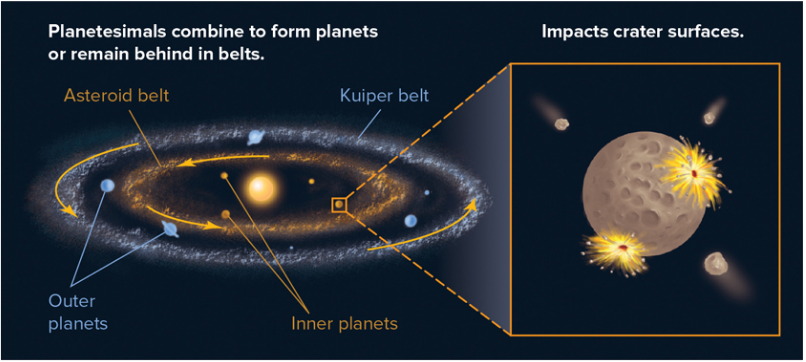 <p>What is the relationship between planetesimals, asteroids and comets?</p>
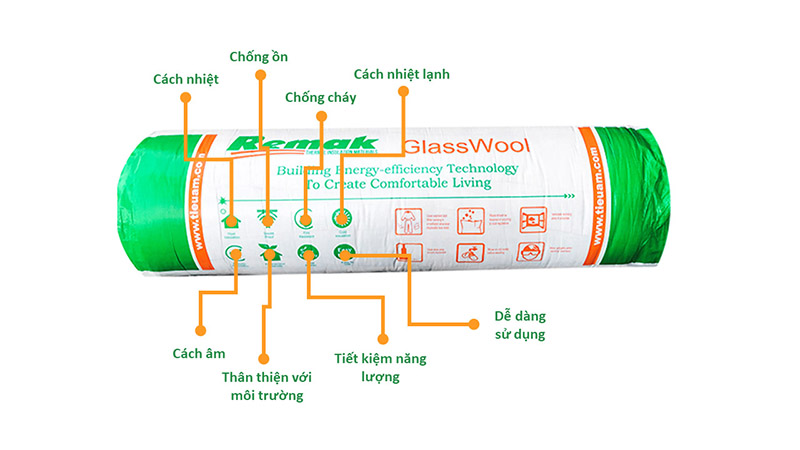 Bông thủy tinh dạng cuộn bao bì Remak Bông thủy tinh dạng cuộn bao bì Remak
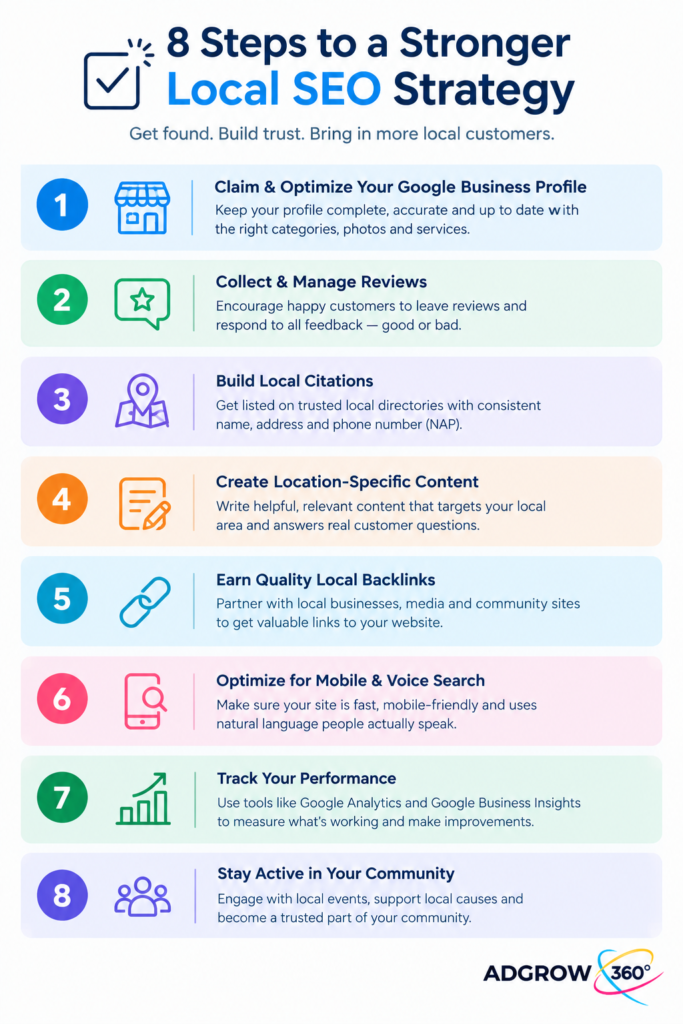 2026 local AI visibility checklist for Google Business Profile and AI Overview optimization
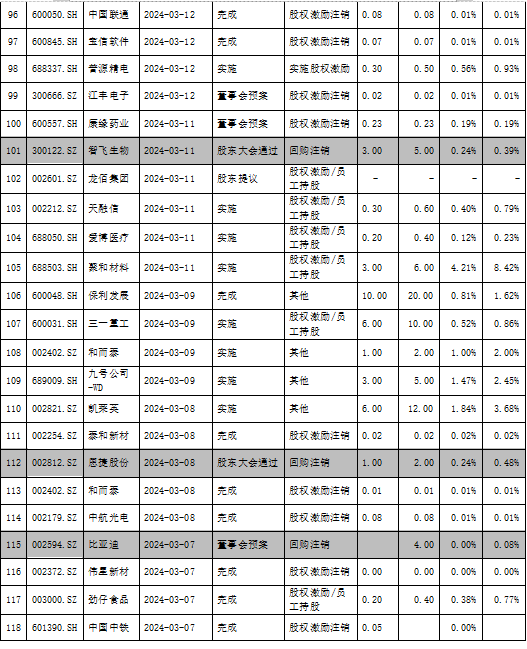 天舒胶囊说明书图片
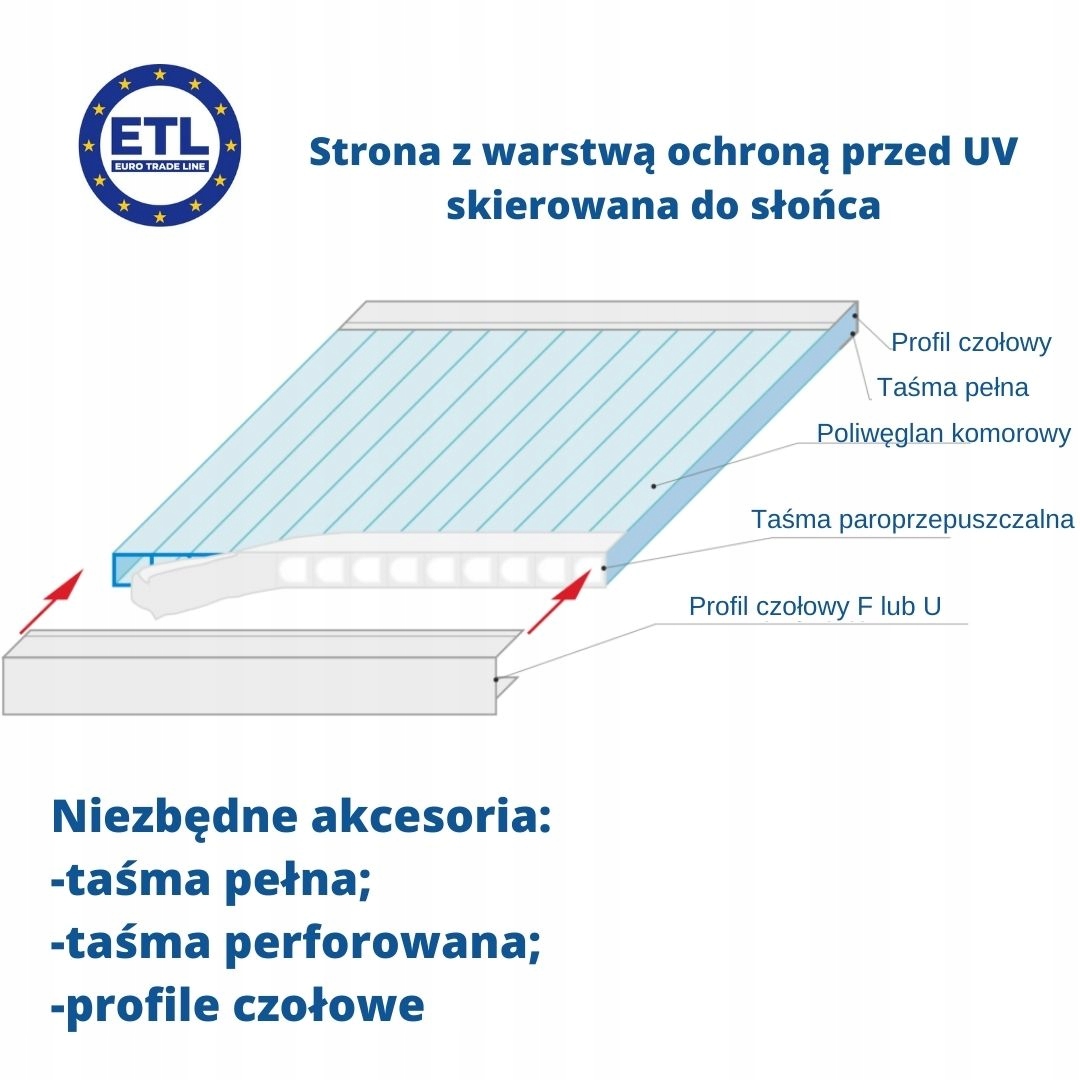 Profil czołowy (U-profil) 6mm, 2100mm Marka ETL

——

- **EXERCISE OBJECTIVE**: Skip every picture and return the lines above from the top through the one that contains "2026 local AI".

- **SOLUTION FOR THIS PROBLEM**:
 <p>What is the relationship between planetesimals, asteroids and comets?</p>
 Bông thủy tinh dạng cuộn bao bì Remak Bông thủy tinh dạng cuộn bao bì Remak
 2026 local AI visibility checklist for Google Business Profile and AI Overview optimization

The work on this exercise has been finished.